Il mediano, per chi è esperto di calcio, rappresenta un ruolo determinante sul campo. Il mediano agisce infatti a ridosso della retroguardia, collaborando nel recuperare palloni e nell’innescare la ripartenza. E’ colui che finalizza il gioco.
Ad essere sfidata dall’onda del Recovery Fund per costruire la ripresa del paese è infatti non solo la politica ma la società civile e soprattutto i suoi corpi intermedi.
Il terzo settore è chiamato infatti, mai come ora, a dare il suo contributo lavorando non solo per posizionarsi all’interno delle linee guida che declinano le diverse missioni, ma agendo per dare contenuto a queste ultime e a incrementarne l’impatto.
Un ruolo che richiede competenza e focus sul risultato e una grande disponibilità al cambiamento. Non è più ammissibile leggere il valore sociale delle proposte solo attraverso il rincorrersi di parole come terzo settore, economia sociale e non profit.
Il terzo pilastro dell’Economia è ben altro (e lo sa bene la Francia che nel suo piano lo ha posto al centro del programma).
Il primo a crescere deve essere il sistema del terzo settore ed il sistema intermedio chiamato oggi ad essere protagonista del cambiamento. Ad invertire il paradigma culturale che ha frenato l’Italia sinora.
Il compito a cui è chiamato è di estrema importanza: superare le rendite di posizione volte più a vincolare più che ad investire le risorse. Un passaggio, non di poco conto, da “cosa c’è per me” a “che ruolo concreto devo assumere nel processo di crescita“.
E questo, piaccia o no, è il vero piano di cambiamento perché il Recovery Fund permetta la crescita auspicata e necessaria. Perché il Recovery Fund sia un’opportunità concreta per l’Italia. E costruisca futuro.
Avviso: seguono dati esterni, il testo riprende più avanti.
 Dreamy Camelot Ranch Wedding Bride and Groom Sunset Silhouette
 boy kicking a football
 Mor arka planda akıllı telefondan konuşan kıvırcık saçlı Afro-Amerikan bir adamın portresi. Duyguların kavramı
E’ necessario rimettere mano alla funzione di intermediazione sociale che coinvolge le organizzazioni della rappresentanza sociale ed economica e le strutture della conoscenza (centri di ricerca, think tank, ecc.) affinché contribuiscano efficacemente alle riforme. Contribuire a questa nuova stagione di politiche allora richiede di mettere insieme visione alta, capacità di elaborazione progettuale e capacità operativa.
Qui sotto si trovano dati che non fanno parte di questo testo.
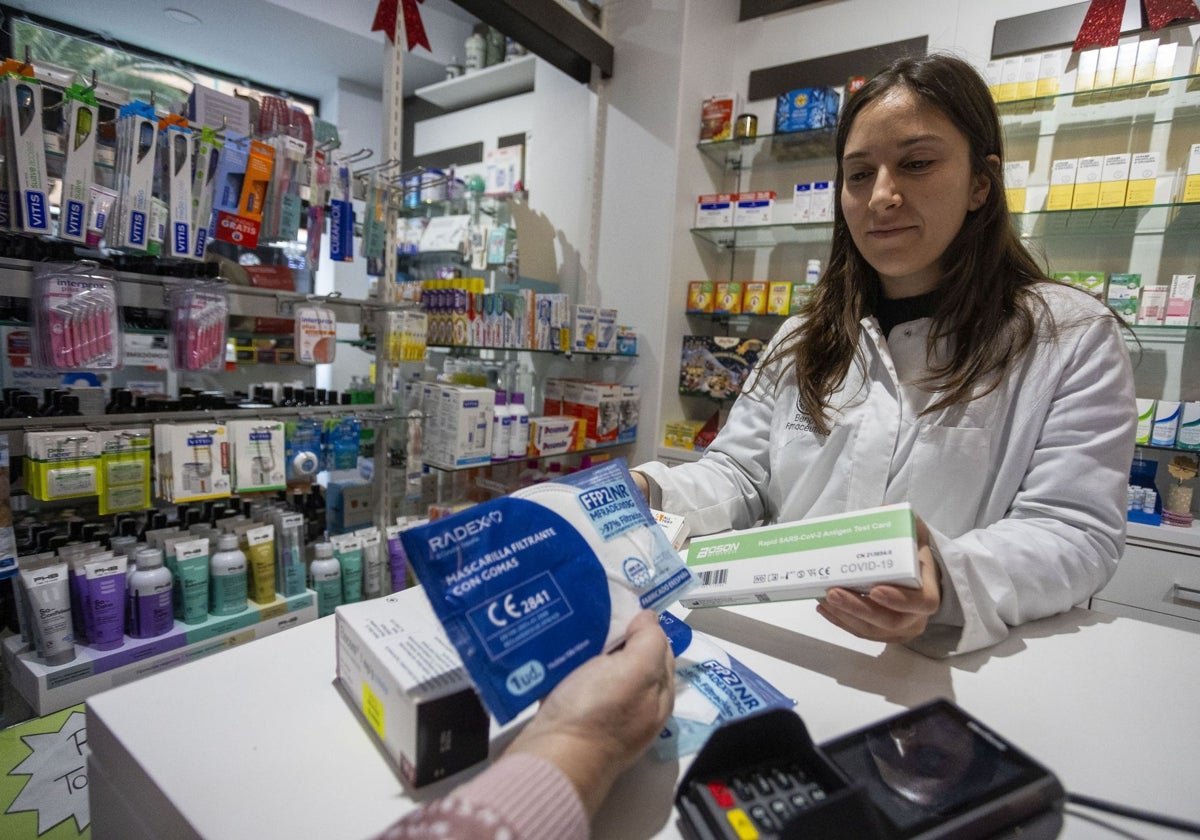 Una farmacéutica vendiendo mascarillas y test de gripe y covid a una clienta en Cáceres.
In termini di produzione e redistribuzione di risorse attraverso beni, servizi, trasferimenti economici. Senza questo equilibrio il rischio è di trasformarsi in esteti del policy making con poca o nulla capacità di incidere sulle trasformazioni economiche necessarie a riprenderci da una crisi profonda che ha determinato in pochi mesi il crollo a doppia cifra del PIL.
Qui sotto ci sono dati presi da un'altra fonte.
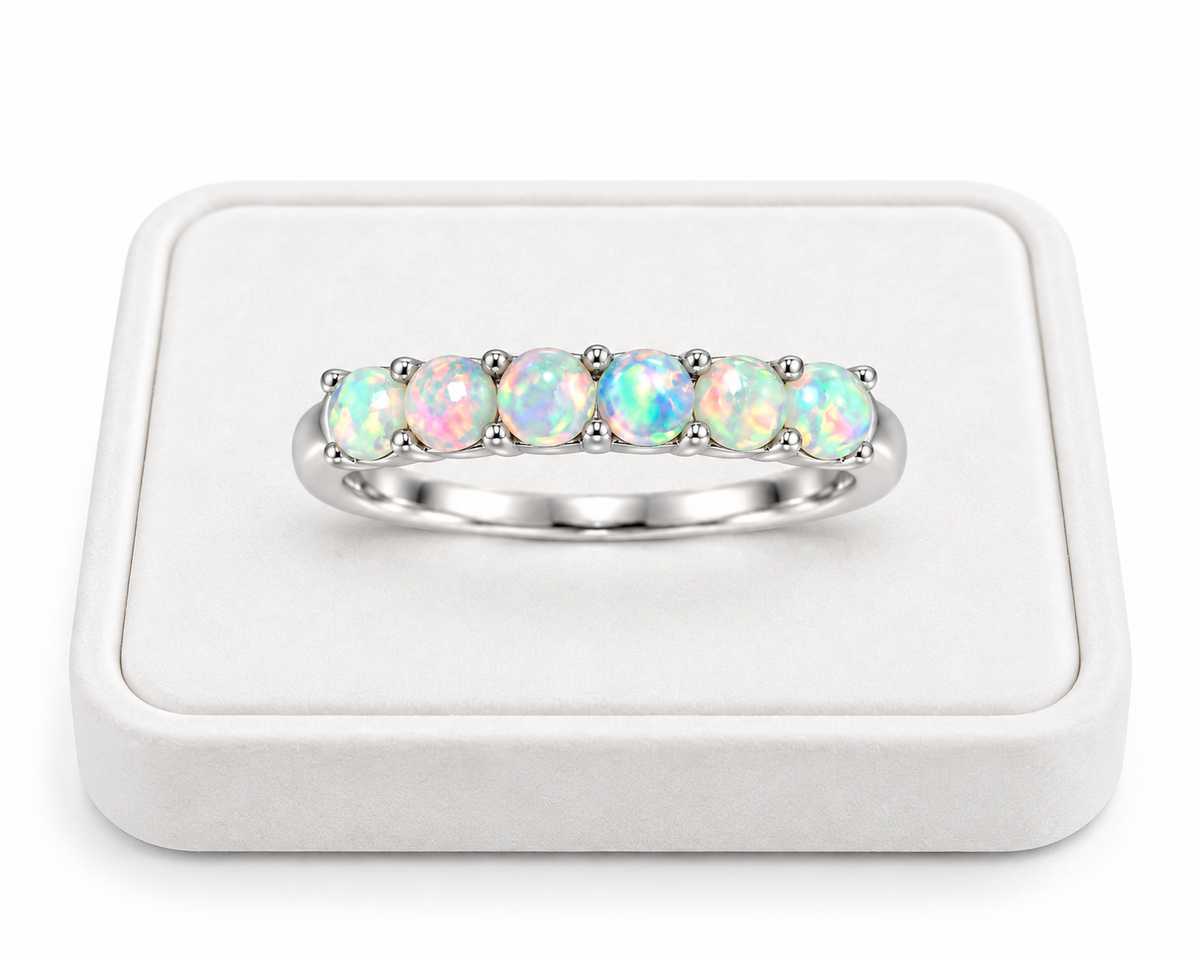 Natural fire opal band ring displayed on a white velvet jewelry tray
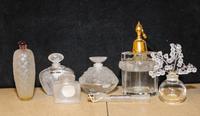 Seven French Molded and Frosted Glass Perfume Articles Height of atomizer 6 3/4 inches.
Se l’obiettivo del Paese è quindi “fare il salto di qualità”, occorre allora far convergere visione ed operatività, riforme e capacità progettuale, procedendo in modo armonico e strutturato. Bisogna agire in primis sui processi partecipativi al fine di renderli effettivi, di ‘trasformarli’ rendendoli efficaci e realizzativi e capaci di un concreto impatto.
Si chiuda con la stagione dei tavoli di lavori, e si apra la stagione della concretezza realizzando buon pratiche di progettazione integrata e tracciando direttrici di futuro per la prossima generazione.
[articolo andato in pubblicazione su Euractiv.it il 7 ottobre 2020]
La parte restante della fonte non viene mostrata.